» **What you have to do**
An exact transcription is needed of the lines below from the one with "台8線-太魯閣路段-在橋這邊看到超猛小學生獨自走路回家." through the one with "17 Suffolk Crescent_4", with no other lines and no pictures.

» **Given records**
☆ ☆ ☆ ☆ ☆ ☆ ☆

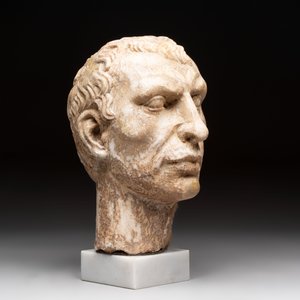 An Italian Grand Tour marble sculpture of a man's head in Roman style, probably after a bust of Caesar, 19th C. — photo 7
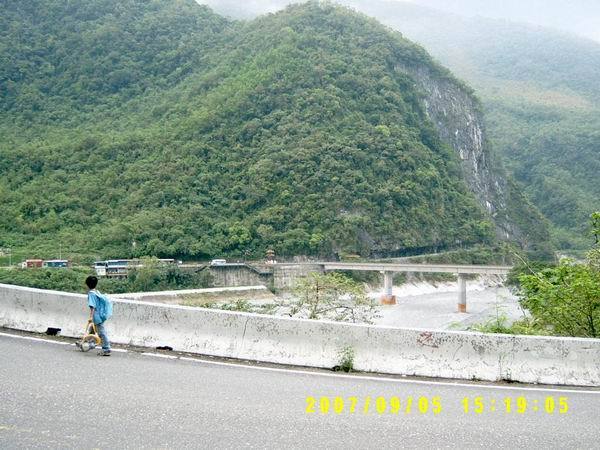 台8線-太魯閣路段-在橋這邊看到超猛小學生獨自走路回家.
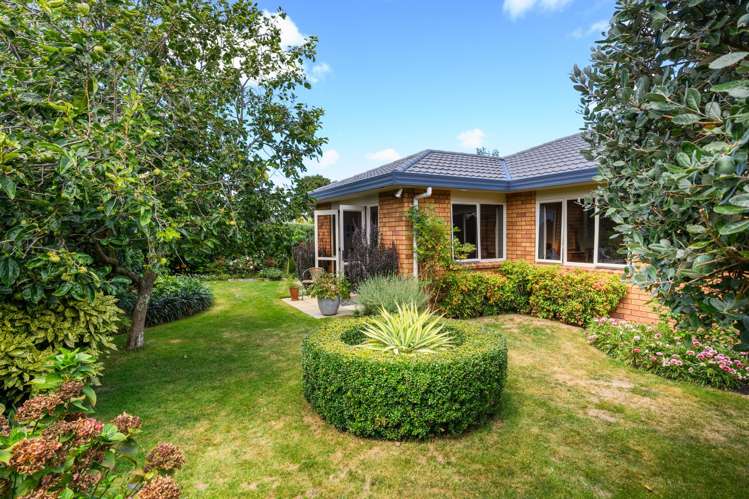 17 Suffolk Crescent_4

☆ ☆ ☆ ☆ ☆ ☆ ☆

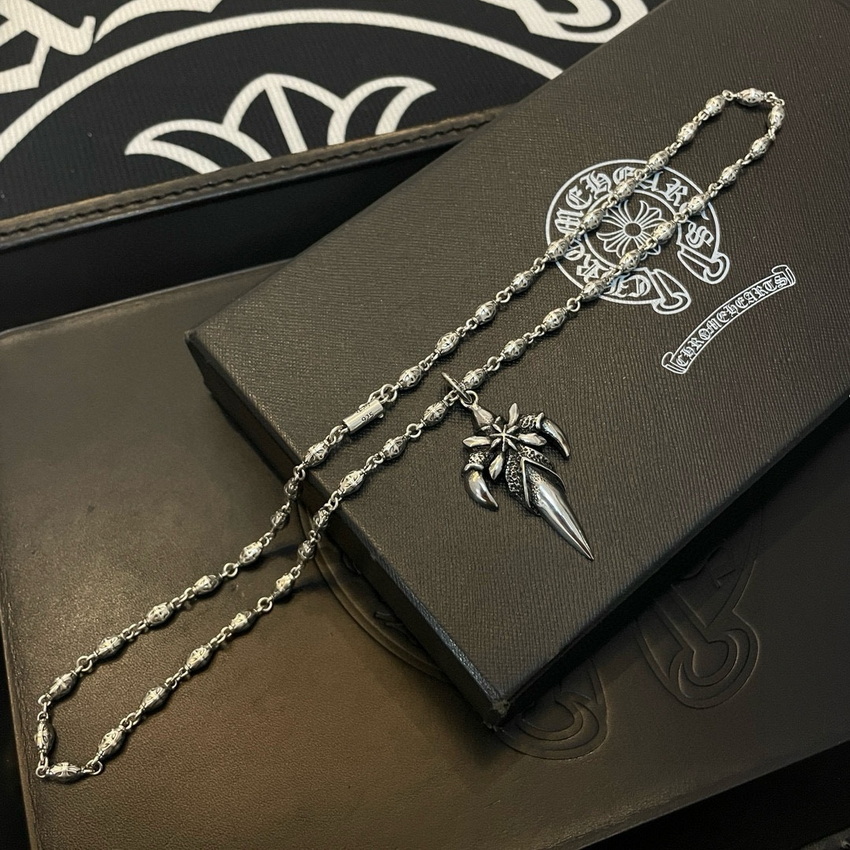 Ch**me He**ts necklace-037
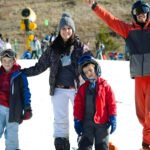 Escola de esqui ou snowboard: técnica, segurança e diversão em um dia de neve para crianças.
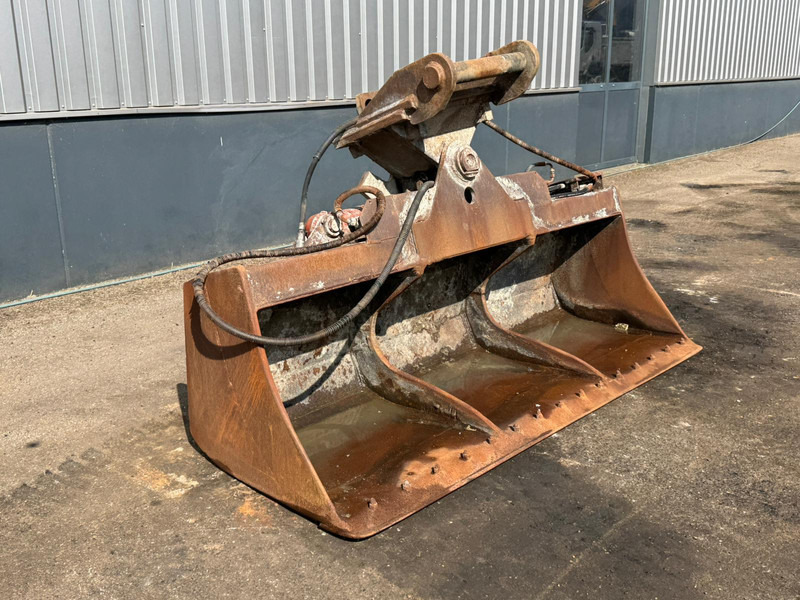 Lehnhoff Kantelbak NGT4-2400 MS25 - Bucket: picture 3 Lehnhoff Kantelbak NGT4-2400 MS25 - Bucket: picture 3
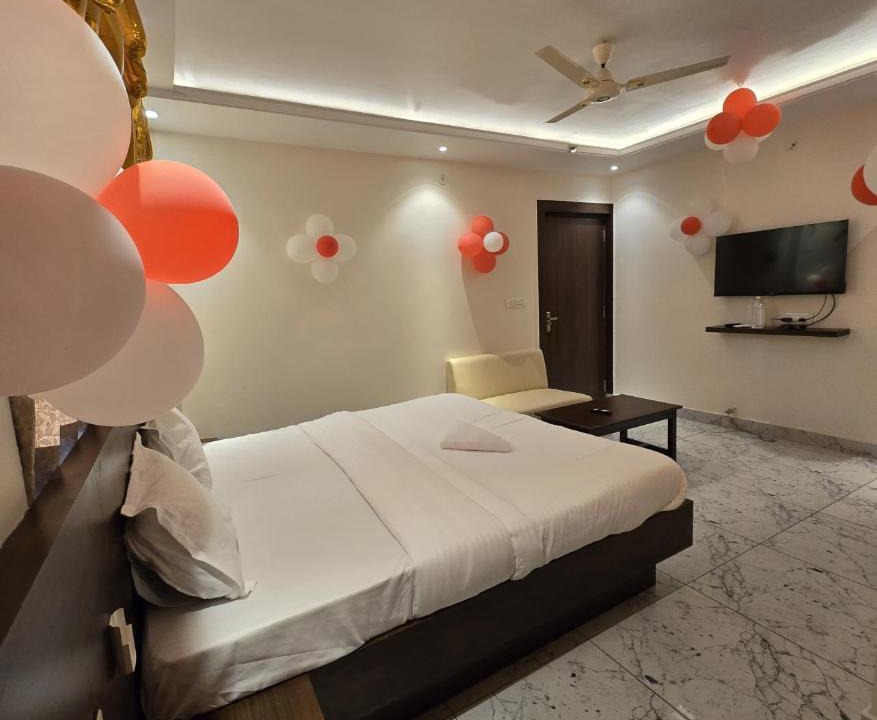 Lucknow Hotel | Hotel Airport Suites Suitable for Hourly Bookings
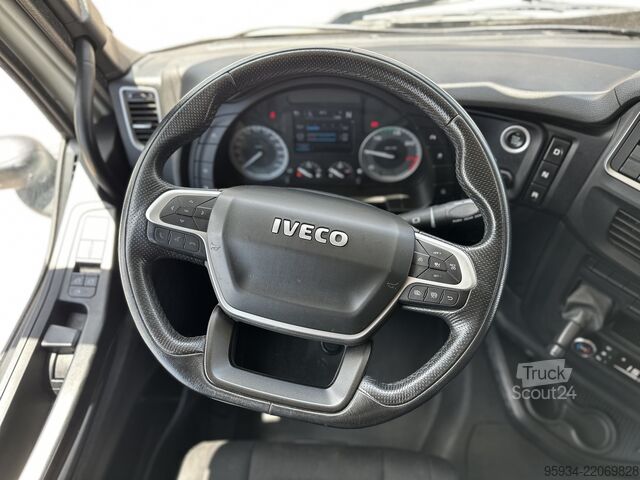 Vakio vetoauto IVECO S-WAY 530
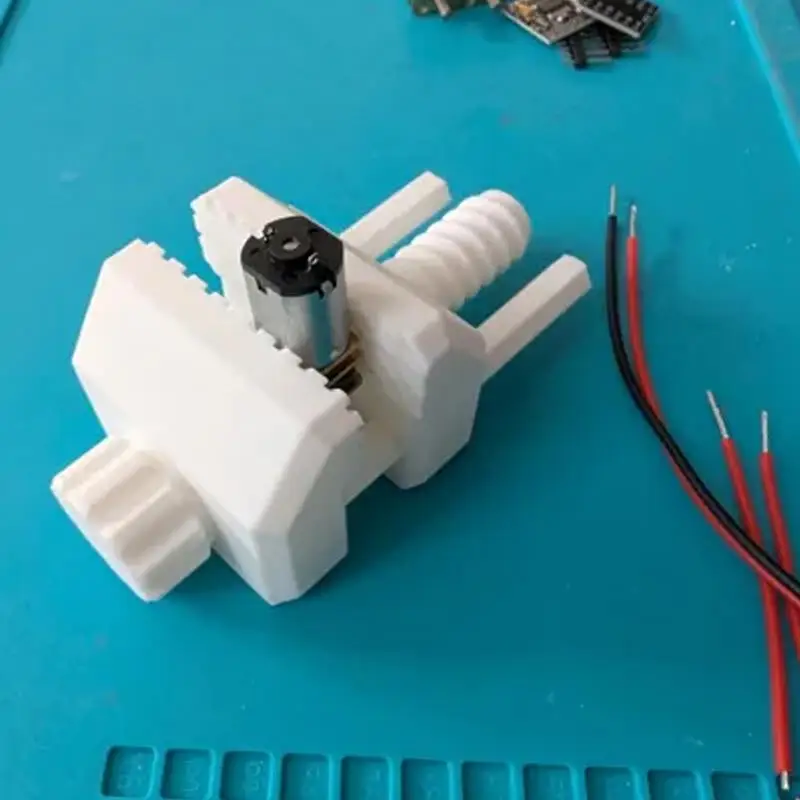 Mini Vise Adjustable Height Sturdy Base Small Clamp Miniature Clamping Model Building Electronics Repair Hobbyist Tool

☆ ☆ ☆ ☆ ☆ ☆ ☆

» **Output of the exercise**
 台8線-太魯閣路段-在橋這邊看到超猛小學生獨自走路回家.
 17 Suffolk Crescent_4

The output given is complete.